**THE PROBLEM**:
The lines to be extracted begin at the line containing "Zakładanie/zdejmowanie obiektywu, 16" and end at the last line of the data below; copy them exactly and leave out the pictures.

**PROVIDED INFORMATION**:
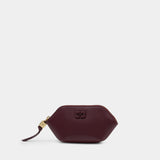 Bou Coin Purse - Ganni - Leather - Bordeaux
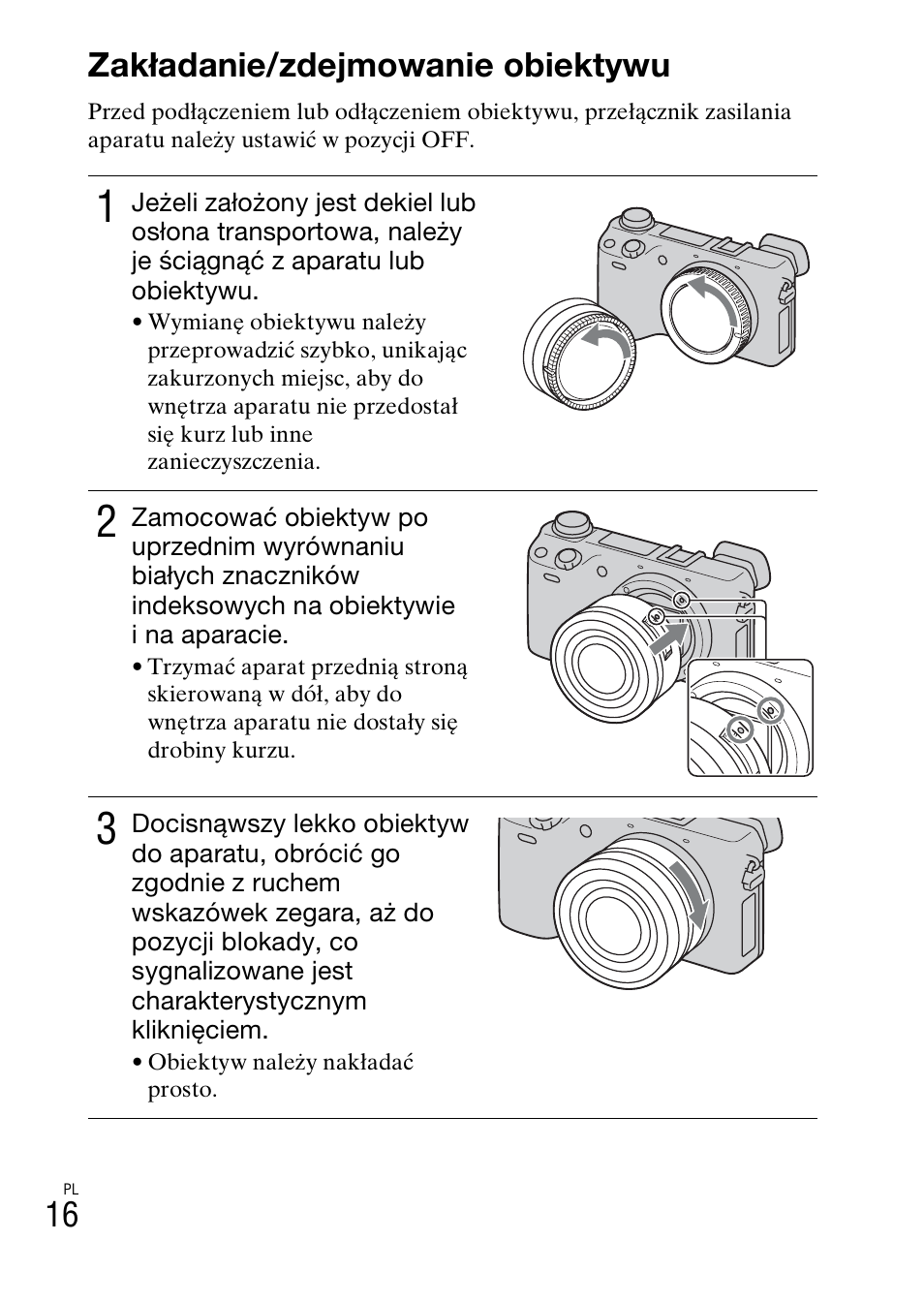 Zakładanie/zdejmowanie obiektywu, 16 zakładanie/zdejmowanie obiektywu | Sony NEX-6L User Manual | Page 454 / 627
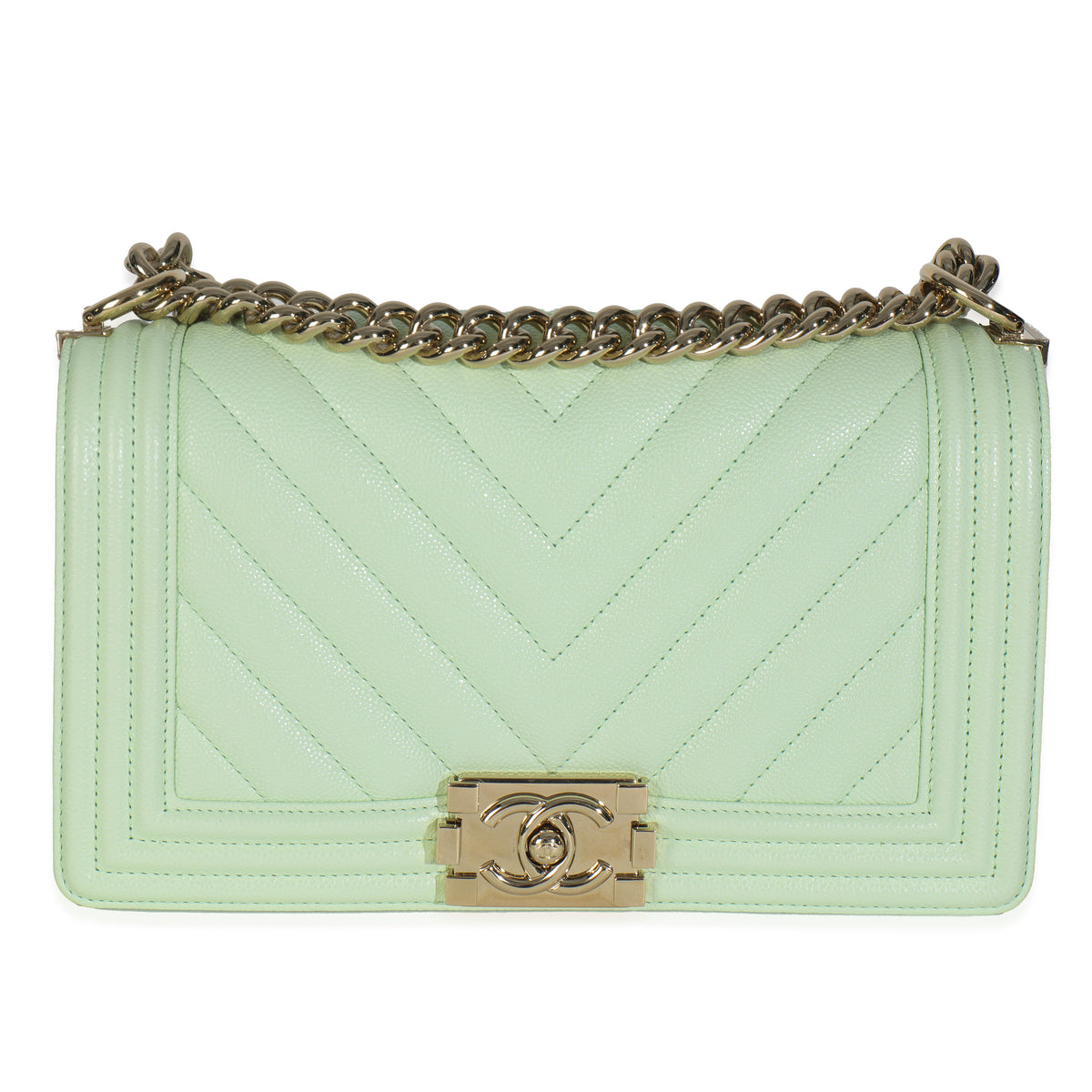 Light Green Caviar Chevron Old Medium Boy Handbag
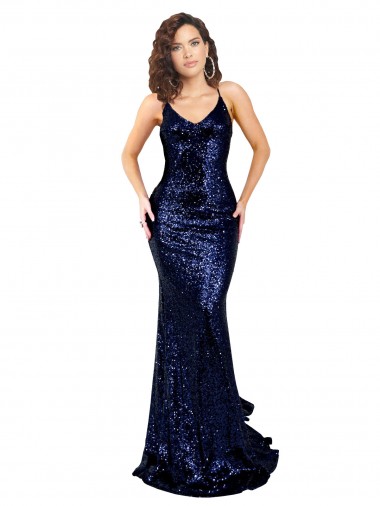 Open Back Dark Navy Sequin V-Neck Long Sleeveless Formal Evening Gown / Prom Dress / Bridesmaid Dress Norwich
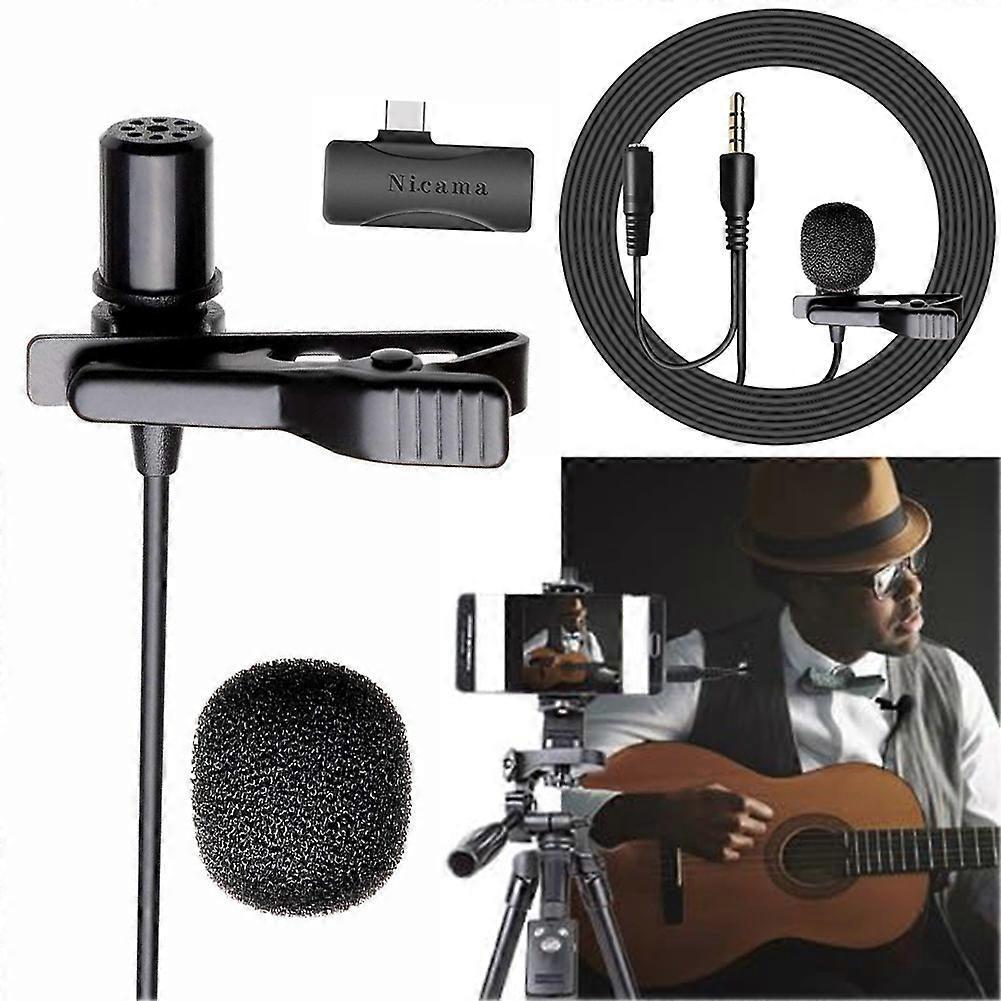 USB C Mic for Phones Noise Reduction Lavalier Microphone for Smartphone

**YOUR SOLUTION**:
 Zakładanie/zdejmowanie obiektywu, 16 zakładanie/zdejmowanie obiektywu | Sony NEX-6L User Manual | Page 454 / 627
 Light Green Caviar Chevron Old Medium Boy Handbag
 Open Back Dark Navy Sequin V-Neck Long Sleeveless Formal Evening Gown / Prom Dress / Bridesmaid Dress Norwich
 USB C Mic for Phones Noise Reduction Lavalier Microphone for Smartphone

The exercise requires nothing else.